Science can be very isolating; sometimes I sit alone in a basement for 12 hours at a time running experiments.
Failing repeatedly is a fundamental underpinning of science; for every one piece of good data there are tens and maybe hundreds of failed attempts at getting that data.
I get to look at the world in nanometers (1x10^-9 meters)!
Every now and then an experiment goes well, you figure-out something you always wondered about, you suddenly see things from a new perspective, or you feel, just possibly, you could make a difference.
Out of the lab I am a bit of a clotheshorse but in the lab the dress code is more about being practical than anything else. I wear comfortable and closed toed shoes, sleeves that don't get caught on anything, etc. Occasionally I work with liquid nitrogen and need a sweater or jacket because the room gets cold. But if I wore the same thing every single day I don't think anyone would notice.

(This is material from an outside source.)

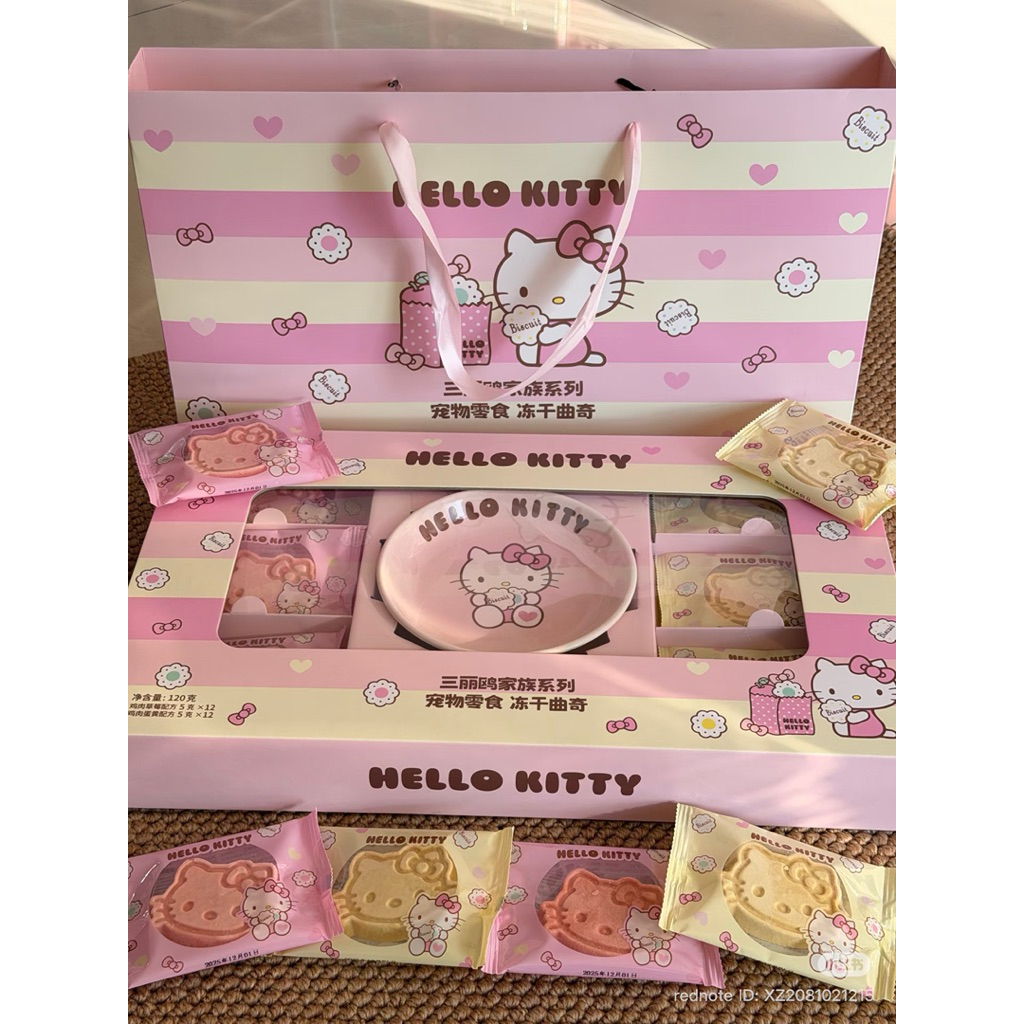 (ได้ถุงแถมตามรูป)RANOVA - Hello Kitty Sweet Kitty กล่องของขวัญฟรีซดรายขนมแมวรูปคิดตี้สตรอเบอร์รี่+จานคิดตี้ 120g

Learn Chinese. Learn Japanese. And then learn Korean. I'm only kidding but the majority of students in the engineering school are Asian.
Don't take off too much time before starting graduate work, especially in the sciences. I took off seven years and it made things hard--by the time I came back to school I had forgotten a lot of basic math and science, and was a little older than the average student and inherently an outlier, or it always felt that way anyways. But if you have to choose between taking off time before starting graduate school and not going to graduate school at all, go to graduate school.
Work with others, especially in classes--there's so much to learn from them.
Time is your most valuable resource. Focus on a few things and do them well rather than doing a lot of things just okay, say no, make decisions because your heart tells you so not because you fear mediocrity, and stay away from fake sugar.
There is a vitality, a life force, an energy, a quickening that is translated through you into action, and because there is only one of you in all of time, this expression is unique.